Exercise: Search the records for the string "Photo", then copy each line where it appears.
%%
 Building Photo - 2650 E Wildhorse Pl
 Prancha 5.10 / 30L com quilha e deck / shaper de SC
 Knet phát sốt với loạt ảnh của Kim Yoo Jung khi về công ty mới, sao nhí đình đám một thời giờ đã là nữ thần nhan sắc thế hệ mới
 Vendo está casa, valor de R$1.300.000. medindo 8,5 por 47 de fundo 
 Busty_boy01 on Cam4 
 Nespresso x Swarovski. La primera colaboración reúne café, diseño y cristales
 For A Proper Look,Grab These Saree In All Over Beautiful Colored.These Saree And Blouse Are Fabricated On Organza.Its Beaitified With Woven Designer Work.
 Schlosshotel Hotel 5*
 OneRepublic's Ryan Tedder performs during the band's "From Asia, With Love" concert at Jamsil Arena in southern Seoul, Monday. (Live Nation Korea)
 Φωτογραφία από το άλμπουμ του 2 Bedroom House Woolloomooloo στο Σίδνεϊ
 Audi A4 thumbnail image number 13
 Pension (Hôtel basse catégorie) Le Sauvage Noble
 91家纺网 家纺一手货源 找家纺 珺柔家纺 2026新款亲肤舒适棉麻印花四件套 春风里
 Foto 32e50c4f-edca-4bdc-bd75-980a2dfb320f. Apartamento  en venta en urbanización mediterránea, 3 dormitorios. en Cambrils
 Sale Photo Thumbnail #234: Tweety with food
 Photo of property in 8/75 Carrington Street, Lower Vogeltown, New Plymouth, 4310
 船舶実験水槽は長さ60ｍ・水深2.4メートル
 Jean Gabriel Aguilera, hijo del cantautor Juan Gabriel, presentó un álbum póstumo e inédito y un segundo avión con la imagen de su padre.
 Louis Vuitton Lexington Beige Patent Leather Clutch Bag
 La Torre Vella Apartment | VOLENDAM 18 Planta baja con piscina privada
%%
Result:
 Building Photo - 2650 E Wildhorse Pl
 Sale Photo Thumbnail #234: Tweety with food
 Photo of property in 8/75 Carrington Street, Lower Vogeltown, New Plymouth, 4310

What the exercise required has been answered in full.